Data for processing =
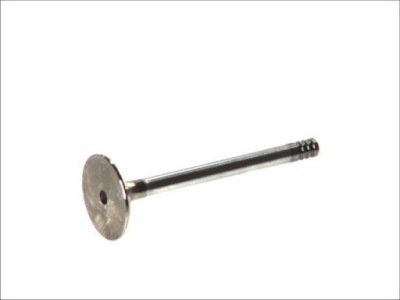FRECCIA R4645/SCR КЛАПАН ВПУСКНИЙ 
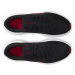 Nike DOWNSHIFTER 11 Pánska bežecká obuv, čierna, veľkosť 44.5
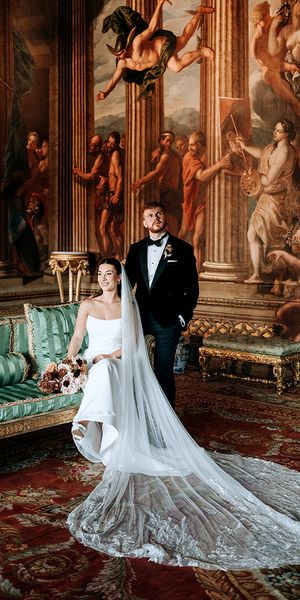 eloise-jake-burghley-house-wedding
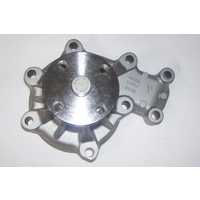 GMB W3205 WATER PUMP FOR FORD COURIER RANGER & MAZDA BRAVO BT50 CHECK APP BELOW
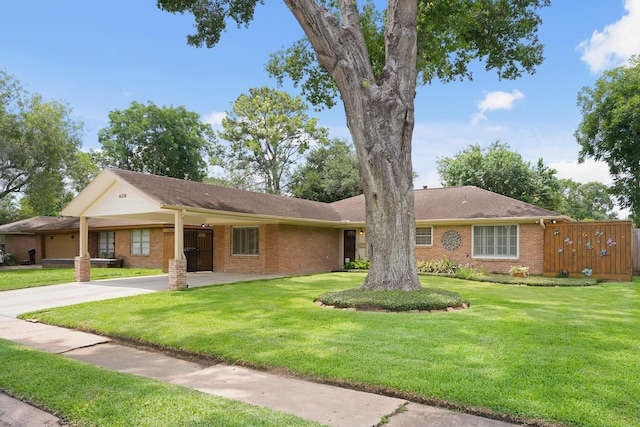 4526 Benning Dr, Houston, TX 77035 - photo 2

--

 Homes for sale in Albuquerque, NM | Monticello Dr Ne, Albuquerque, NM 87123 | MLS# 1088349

* * *

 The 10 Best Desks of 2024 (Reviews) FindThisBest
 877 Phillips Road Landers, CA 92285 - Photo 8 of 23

To do = Your answer should consist of the lines above between those holding "FRECCIA R4645/SCR КЛАПАН ВПУСКНИЙ" and "4526 Benning Dr, Houston, TX 77035 - photo 2", inclusive, reproduced word for word and without pictures.

Task result =
FRECCIA R4645/SCR КЛАПАН ВПУСКНИЙ 
 Nike DOWNSHIFTER 11 Pánska bežecká obuv, čierna, veľkosť 44.5
 eloise-jake-burghley-house-wedding
 GMB W3205 WATER PUMP FOR FORD COURIER RANGER & MAZDA BRAVO BT50 CHECK APP BELOW
 4526 Benning Dr, Houston, TX 77035 - photo 2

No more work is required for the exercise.